▶ [The problem] Below are the entries to work from; restate word for word the portion that opens with the line containing "Una foto de Caldo huevo canario Thermomix" and closes with the line containing "Casa El Paraiso", keeping both.
━━━ Record excerpts
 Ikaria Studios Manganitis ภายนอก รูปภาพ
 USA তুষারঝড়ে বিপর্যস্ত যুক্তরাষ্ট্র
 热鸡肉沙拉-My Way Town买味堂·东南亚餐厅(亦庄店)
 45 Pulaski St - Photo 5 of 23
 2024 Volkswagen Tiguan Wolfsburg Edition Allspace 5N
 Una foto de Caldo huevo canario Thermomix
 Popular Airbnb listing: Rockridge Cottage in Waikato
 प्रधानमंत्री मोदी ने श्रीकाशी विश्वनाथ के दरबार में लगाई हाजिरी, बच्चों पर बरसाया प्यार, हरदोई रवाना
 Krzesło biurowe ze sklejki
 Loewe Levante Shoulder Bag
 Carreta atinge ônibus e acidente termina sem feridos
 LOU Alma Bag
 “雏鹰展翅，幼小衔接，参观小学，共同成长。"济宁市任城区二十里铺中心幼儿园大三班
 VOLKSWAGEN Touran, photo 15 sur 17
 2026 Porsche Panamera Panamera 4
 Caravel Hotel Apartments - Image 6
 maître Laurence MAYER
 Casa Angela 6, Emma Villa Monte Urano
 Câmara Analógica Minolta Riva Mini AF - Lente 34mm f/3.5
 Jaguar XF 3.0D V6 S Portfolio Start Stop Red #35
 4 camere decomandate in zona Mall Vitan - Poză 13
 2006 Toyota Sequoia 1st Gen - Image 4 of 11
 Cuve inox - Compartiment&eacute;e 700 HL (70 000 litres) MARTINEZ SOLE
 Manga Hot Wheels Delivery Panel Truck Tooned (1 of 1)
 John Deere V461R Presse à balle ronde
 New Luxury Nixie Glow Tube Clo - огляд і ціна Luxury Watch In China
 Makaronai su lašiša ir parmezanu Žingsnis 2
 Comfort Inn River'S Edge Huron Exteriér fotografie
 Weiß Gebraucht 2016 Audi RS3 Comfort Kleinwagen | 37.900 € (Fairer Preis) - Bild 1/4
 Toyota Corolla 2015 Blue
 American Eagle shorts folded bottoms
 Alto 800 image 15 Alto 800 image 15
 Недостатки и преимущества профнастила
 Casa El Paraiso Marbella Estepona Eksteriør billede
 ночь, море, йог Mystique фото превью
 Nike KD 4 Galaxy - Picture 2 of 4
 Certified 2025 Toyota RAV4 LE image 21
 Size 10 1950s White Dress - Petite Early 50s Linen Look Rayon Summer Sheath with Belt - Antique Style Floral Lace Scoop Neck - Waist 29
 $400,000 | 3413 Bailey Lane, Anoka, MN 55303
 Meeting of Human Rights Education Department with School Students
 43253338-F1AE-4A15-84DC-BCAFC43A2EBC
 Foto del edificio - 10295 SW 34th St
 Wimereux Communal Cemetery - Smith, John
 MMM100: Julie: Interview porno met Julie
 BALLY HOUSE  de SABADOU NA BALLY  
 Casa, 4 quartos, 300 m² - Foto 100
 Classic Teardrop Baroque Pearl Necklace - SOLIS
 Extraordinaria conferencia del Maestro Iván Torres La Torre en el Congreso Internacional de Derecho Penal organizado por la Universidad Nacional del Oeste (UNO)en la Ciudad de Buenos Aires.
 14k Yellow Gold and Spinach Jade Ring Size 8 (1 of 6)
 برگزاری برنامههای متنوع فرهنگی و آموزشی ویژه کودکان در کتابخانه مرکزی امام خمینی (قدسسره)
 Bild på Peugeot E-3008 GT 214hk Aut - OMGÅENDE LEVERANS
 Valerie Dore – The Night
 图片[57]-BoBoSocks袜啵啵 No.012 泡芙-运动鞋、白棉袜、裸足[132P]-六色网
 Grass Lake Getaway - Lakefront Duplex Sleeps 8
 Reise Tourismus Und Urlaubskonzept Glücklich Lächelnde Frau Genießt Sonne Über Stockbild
━━━━━━
▶ [Problem solution]
 Una foto de Caldo huevo canario Thermomix
 Popular Airbnb listing: Rockridge Cottage in Waikato
 प्रधानमंत्री मोदी ने श्रीकाशी विश्वनाथ के दरबार में लगाई हाजिरी, बच्चों पर बरसाया प्यार, हरदोई रवाना
 Krzesło biurowe ze sklejki
 Loewe Levante Shoulder Bag
 Carreta atinge ônibus e acidente termina sem feridos
 LOU Alma Bag
 “雏鹰展翅，幼小衔接，参观小学，共同成长。"济宁市任城区二十里铺中心幼儿园大三班
 VOLKSWAGEN Touran, photo 15 sur 17
 2026 Porsche Panamera Panamera 4
 Caravel Hotel Apartments - Image 6
 maître Laurence MAYER
 Casa Angela 6, Emma Villa Monte Urano
 Câmara Analógica Minolta Riva Mini AF - Lente 34mm f/3.5
 Jaguar XF 3.0D V6 S Portfolio Start Stop Red #35
 4 camere decomandate in zona Mall Vitan - Poză 13
 2006 Toyota Sequoia 1st Gen - Image 4 of 11
 Cuve inox - Compartiment&eacute;e 700 HL (70 000 litres) MARTINEZ SOLE
 Manga Hot Wheels Delivery Panel Truck Tooned (1 of 1)
 John Deere V461R Presse à balle ronde
 New Luxury Nixie Glow Tube Clo - огляд і ціна Luxury Watch In China
 Makaronai su lašiša ir parmezanu Žingsnis 2
 Comfort Inn River'S Edge Huron Exteriér fotografie
 Weiß Gebraucht 2016 Audi RS3 Comfort Kleinwagen | 37.900 € (Fairer Preis) - Bild 1/4
 Toyota Corolla 2015 Blue
 American Eagle shorts folded bottoms
 Alto 800 image 15 Alto 800 image 15
 Недостатки и преимущества профнастила
 Casa El Paraiso Marbella Estepona Eksteriør billede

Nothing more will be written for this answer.